I) Com efeito, o que aqui está em causa não é nenhuma revisão oficiosa do acto de liquidação do IRS, mas sim uma efectiva revogação de um acto de concessão de um benefício fiscal, motivo pelo qual em nada se justifica o recurso ao prazo de revisão.

J) Nada relaciona o artigo 78º da LGT e a revisão de actos tributários com a revogação de actos administrativos, na medida em que este artigo se destina apenas e só à liquidação de impostos, permitindo tanto ao sujeito passivo como à Administração Tributaria rever os actos tributários em quatro anos (prazo coincidente com o prazo de caducidade de liquidação de impostos).

K) Assim, a administração não pode revogar actos anteriores ilegais, depois do decurso do prazo para a sua impugnação contenciosa com fundamento em vícios geradores de anulabilidade.

L) Não estamos perante a cobrança indevida de qualquer tributo mas perante a concessão de um beneficio fiscal, que, à posteriori, a administração reputa como indevida, por o pedido ter sido efectuado de forma extemporânea.

M) Posto isto, a revogação desta concessão apenas poderia ter ocorrido no prazo de um ano, o que no sucedeu, tendo ocorrido a caducidade do direito de revogação.

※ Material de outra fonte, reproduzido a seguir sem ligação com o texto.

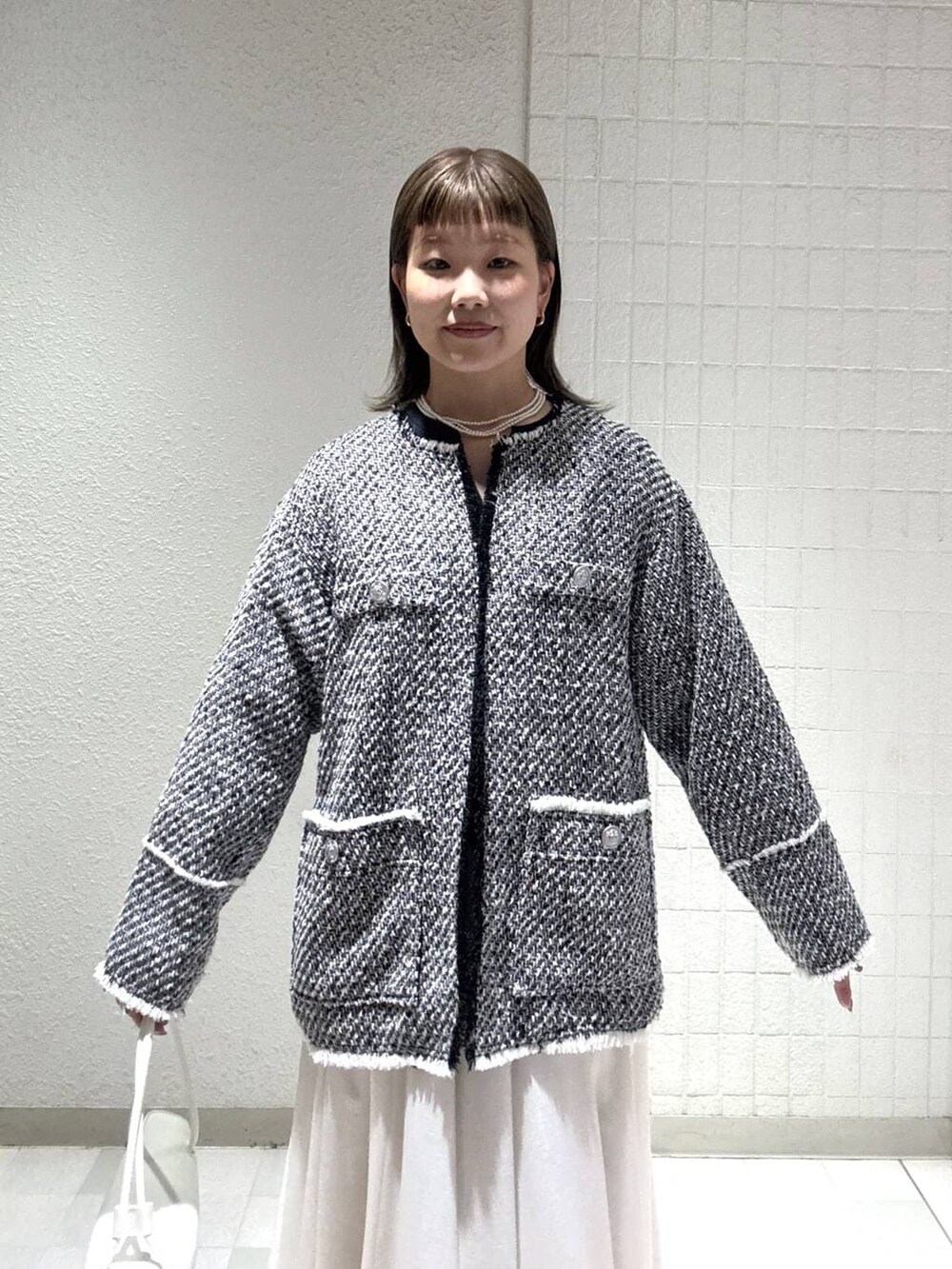 ホワイト系のスカート、ブラック系のノーカラージャケット、ホワイト系のショルダーバッグを着用したレディースの春コーディネートの6枚目の写真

N) A douta sentença recorrida fez uma interpretação correcta da Lei e aplicou bem a mesma aos factos provados, devendo, em consequência ser mantida


1.3. O Digno Magistrado do Ministério Público emitiu parecer no sentido de ser negado provimento ao recurso, com a seguinte argumentação:

Sustenta a recorrente que o prazo de revogação do acto sindicado é o de 4 anos referido no artigo 78º da LGT e não o de um ano previsto nos artigos 141º do CPA e 58º/2/a) do CPTA, mas sem razão, em nosso entendimento.

Na verdade está em causa um acto administrativo em matéria tributária (acto que concedeu um benefício fiscal) e não um acto tributário strictu sensu, ou seja, um acto de liquidação de obrigações tributárias.

Ora, como expende António Lima Guerreiro, na anotação 1 ao artigo 78º da LGT (Lei Geral Tributária, anotada, Editora Rei dos Livros, página 343.) “A revisão regulada no presente artigo, que corresponde ao 94º do CPT, é apenas a efectuada a favor do contribuinte, por iniciativa deste ou da administração tributária, estando a revisão a favor da administração tributária disciplinada nos artigos 45º e 46º, que regem sobre a caducidade do direito de liquidação dos tributos.

O presente artigo é igualmente inaplicável à revisão dos actos administrativos em matéria fiscal, que cabe no preceito seguinte. O seu âmbito de aplicação está confinado à revisão dos actos tributários «strictu sensu», ou seja, dos actos de liquidação de obrigações tributárias. E o que resulta de se referir apenas a actos tributários.

Ensina o mesmo autor na anotação 3 ao artigo 79º que ( Obra citada, página 349.) “Os actos administrativos em matéria fiscal que sejam constitutivos de direitos, só podem, pois, ser revogados com fundamento em invalidade, nos termos e prazos do artigo 141º do CPA.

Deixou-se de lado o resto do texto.